Hay un mito con el tema de la inversión extranjera. Es el carácter de ciertos colombianos el que impide a los inversionistas gringos o europeos radicarse en su territorio. El empresario en general está orientado hacia las mejores condiciones de vida, y no es capaz de competir con comerciantes ultra-astutos y acostumbrados a vivir entre el desorden. ´
¿Atenas Suramericana? Nunca. Esparta tal vez. En plena posesión de Santos - no se me olvida - sobrevolaron aviones de guerra como mostrándole los dientes a los invitados. Pensábamos que ese show resultaba más propio del talante venezolano al que el ex imperio español salpicó de fuertes militares en el Caribe. De allá brotaron en tiempos de la Independencia los principales generales: Bolívar, Páez, Sucre... Que casi nunca dispararon. La carne de cañón, la mazorca que aportó los granos, muchachos que no han dejado de matarse entre sí durante 200 años, fue Nueva Granada.

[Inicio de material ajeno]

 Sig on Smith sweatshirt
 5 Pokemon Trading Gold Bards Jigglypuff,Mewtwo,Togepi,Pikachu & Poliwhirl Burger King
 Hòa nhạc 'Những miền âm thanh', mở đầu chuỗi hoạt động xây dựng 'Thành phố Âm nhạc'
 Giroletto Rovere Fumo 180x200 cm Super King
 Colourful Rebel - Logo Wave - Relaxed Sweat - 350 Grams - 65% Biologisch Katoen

¿Pero a quién diablos entonces se le ocurrió el apodo de Atenas Suramericana?. Claro. A un mediocre viajero argentino llamado Miguel Cané que en 1882 arribó en una recua de mulas a la plazuela de San Victorino, que era el paradero de los que venían subiendo de Honda y mucho antes del mar hasta Bogotá. El gaucho insufrible se apeó con ademanes de gran caballero, y creyó hallarse en tiempos prehispánicos por tantos rostros aindiados. Antes no hizo sino quejarse de creer hallarse en África remontando el río Magdalena desde Barranquilla. Se creía «europeísimo». Caminó por la avenida Jiménez - abajo restregaban ropa las lavanderas en las aguas del río San Francisco - hasta el marco de la catedral, donde lo recibieron unos señores elegantísimos.

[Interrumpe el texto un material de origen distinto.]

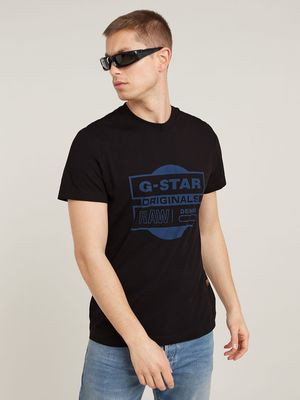 G-Star Men's Originals Underground Dark Black T-Shirt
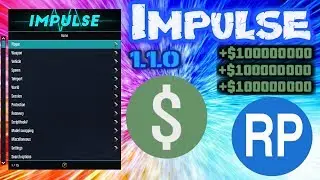 GTA V Online 1.48 Impulse Menu v1.1.0 | GTA 5 Mod Menu PC + Menu | Undetected
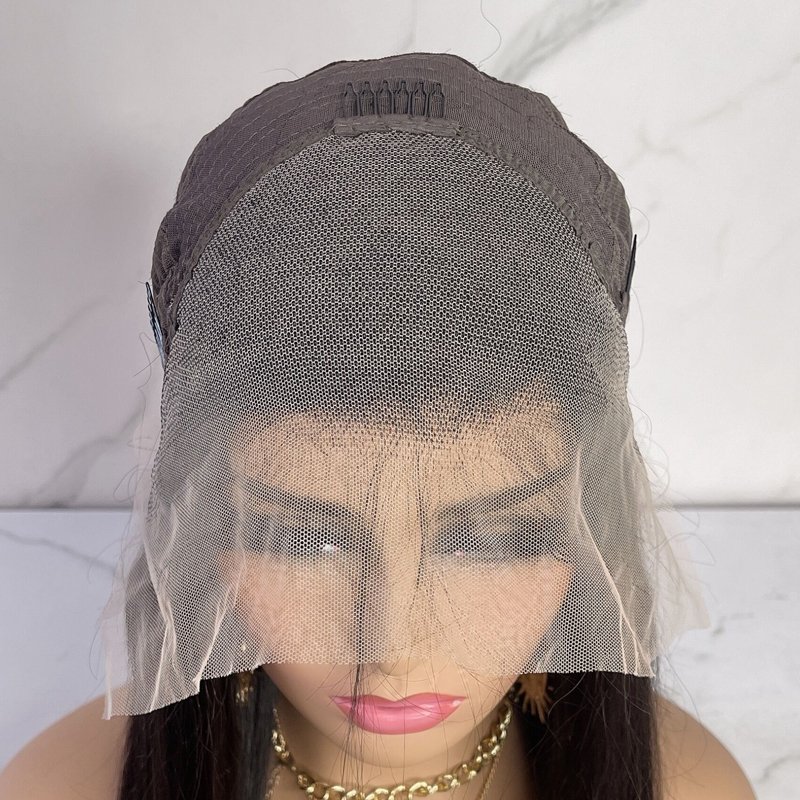 Ready to ship thick 150% 180% density lace front wigs remy straight brazilian human hair wigs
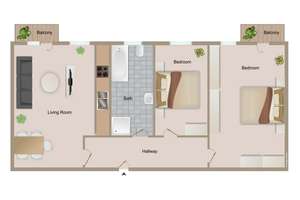 Bezugsfreie 2 Zi. -Wohnung mit 2 Balkonen nahe der Schönhauser Allee – Die vollständige Adresse der Immobilie erhältst du vom Anbieter., 13189 Pankow (Ortsteil), Berlin – Vorschaubild 13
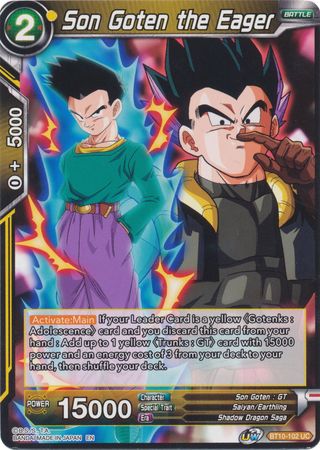 Son Goten the Eager (BT10-102) [Rise of the Unison Warrior 2nd Edition]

El «gaucho insufrible» quería dañar el chiste de que existiera en una aldea montada sobre un altiplano de Los Andes unos señores que leían a Virgilio y admiraban al imperio romano de cuyos césares se creían descendientes. Pero he ahí su mediocridad. Cané confundió el griego con el latín y a Roma con Atenas. Ni lo uno ni lo otro. La cosa era - es - Esparta.